++++ SOURCE DATA ++++
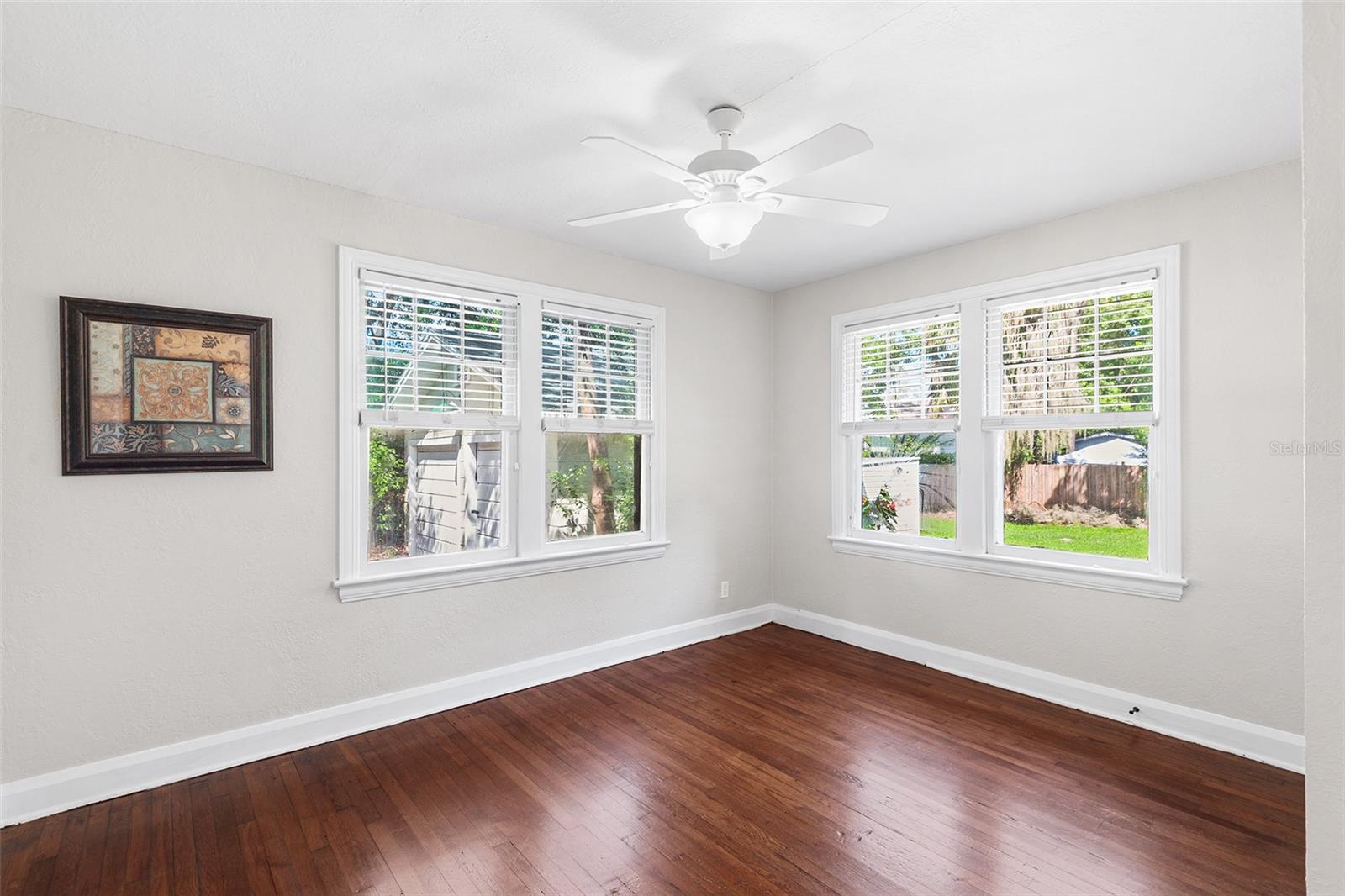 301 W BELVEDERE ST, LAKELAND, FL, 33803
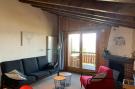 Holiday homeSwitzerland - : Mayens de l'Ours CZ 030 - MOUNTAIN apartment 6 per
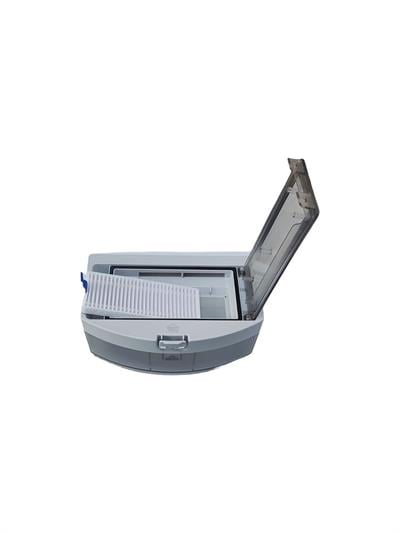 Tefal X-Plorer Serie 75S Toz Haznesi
++++
++++ SOURCE DATA ++++
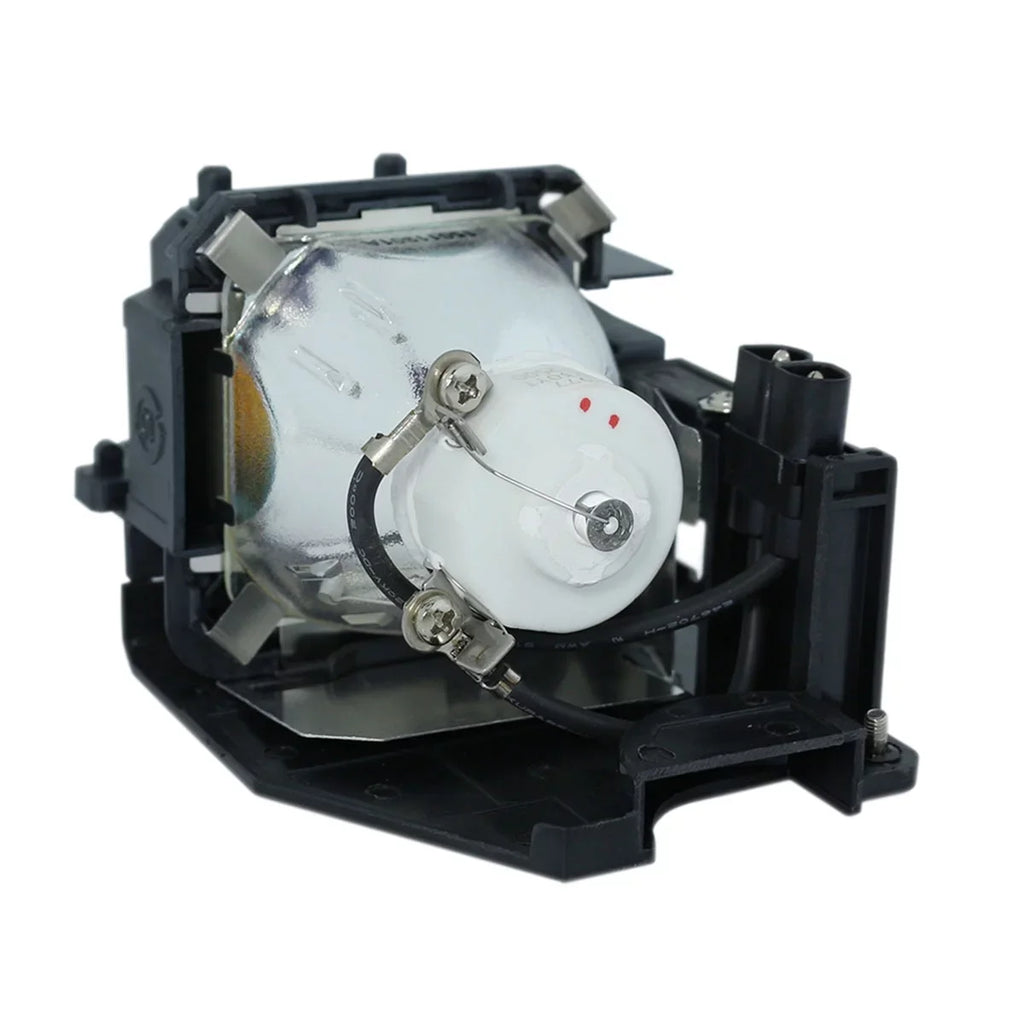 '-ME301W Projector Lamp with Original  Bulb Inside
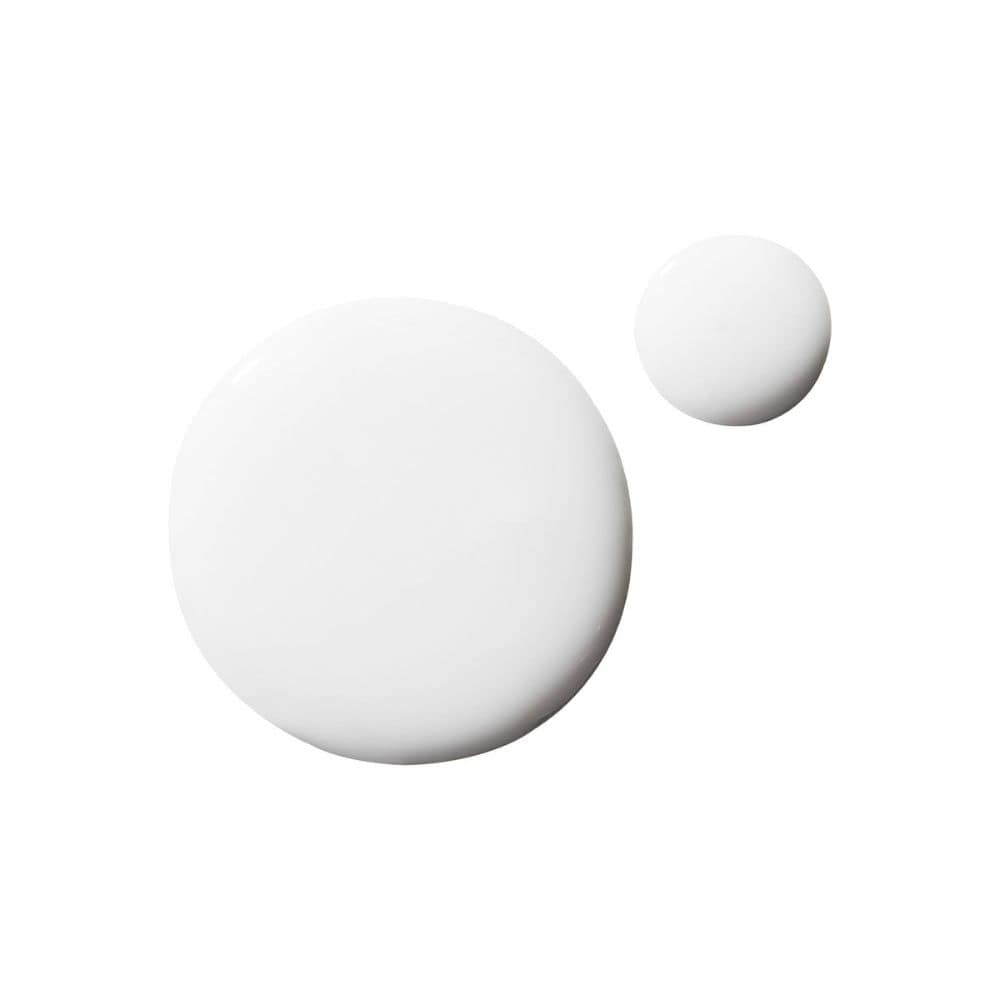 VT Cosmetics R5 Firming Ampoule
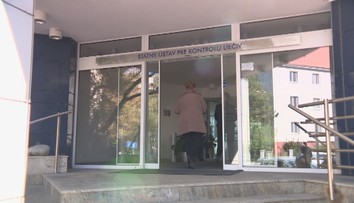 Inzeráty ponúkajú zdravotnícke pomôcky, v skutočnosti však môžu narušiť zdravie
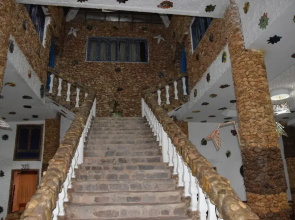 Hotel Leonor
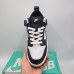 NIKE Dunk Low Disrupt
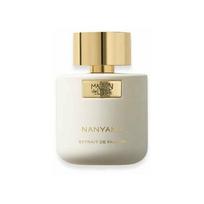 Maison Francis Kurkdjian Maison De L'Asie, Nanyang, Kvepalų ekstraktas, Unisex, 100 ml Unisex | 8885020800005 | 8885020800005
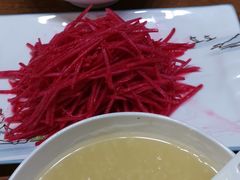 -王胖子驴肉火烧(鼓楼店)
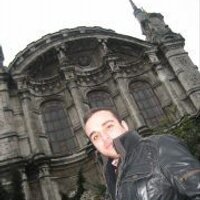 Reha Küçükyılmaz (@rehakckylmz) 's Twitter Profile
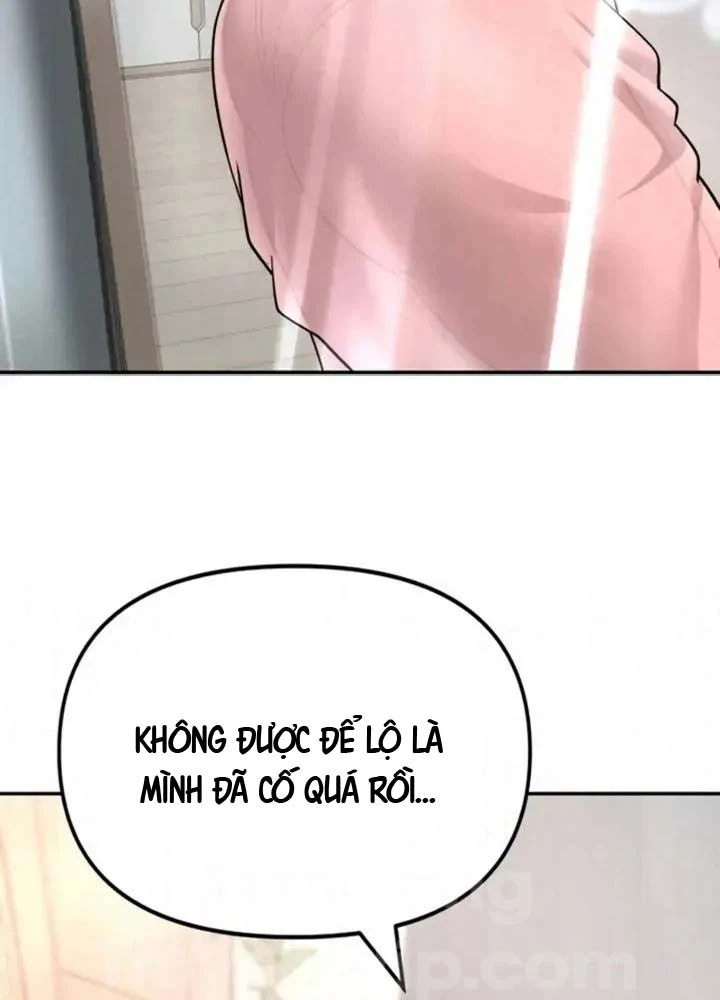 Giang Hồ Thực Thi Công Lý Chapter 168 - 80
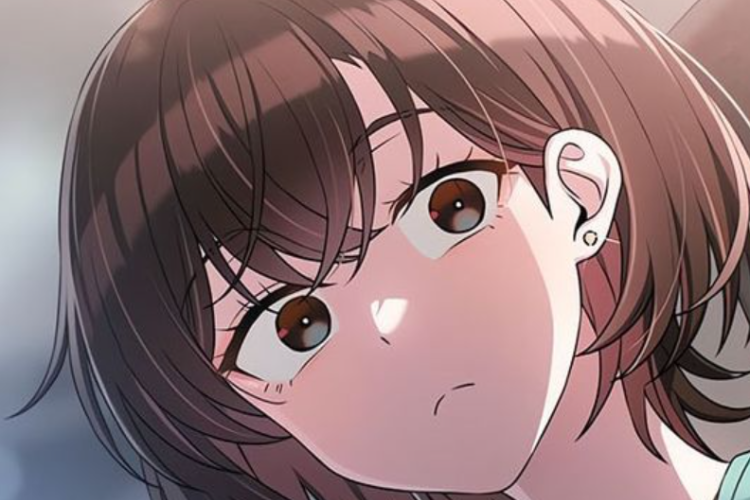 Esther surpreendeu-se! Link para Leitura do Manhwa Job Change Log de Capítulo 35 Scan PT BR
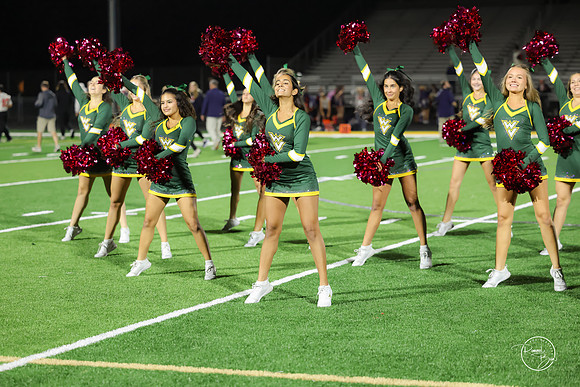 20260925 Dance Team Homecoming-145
++++
++++ SOURCE DATA ++++
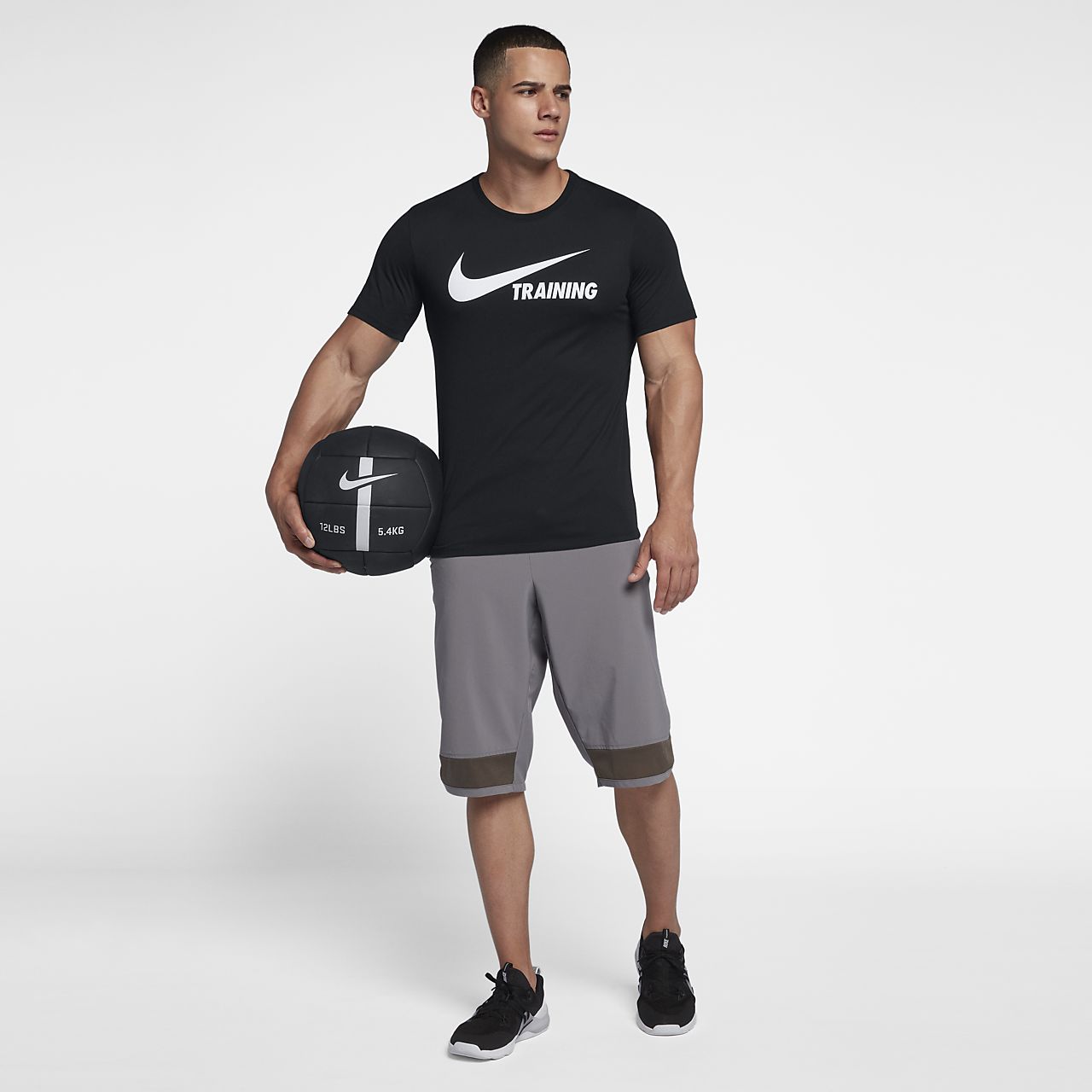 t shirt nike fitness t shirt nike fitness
++++
What's needed is an exact copy of the records above from the line containing "Holiday homeSwitzerland - : Mayens" down to the line containing "Tefal X-Plorer Serie 75S Toz Haznesi", both included, without any pictures.

 Holiday homeSwitzerland - : Mayens de l'Ours CZ 030 - MOUNTAIN apartment 6 per
 Tefal X-Plorer Serie 75S Toz Haznesi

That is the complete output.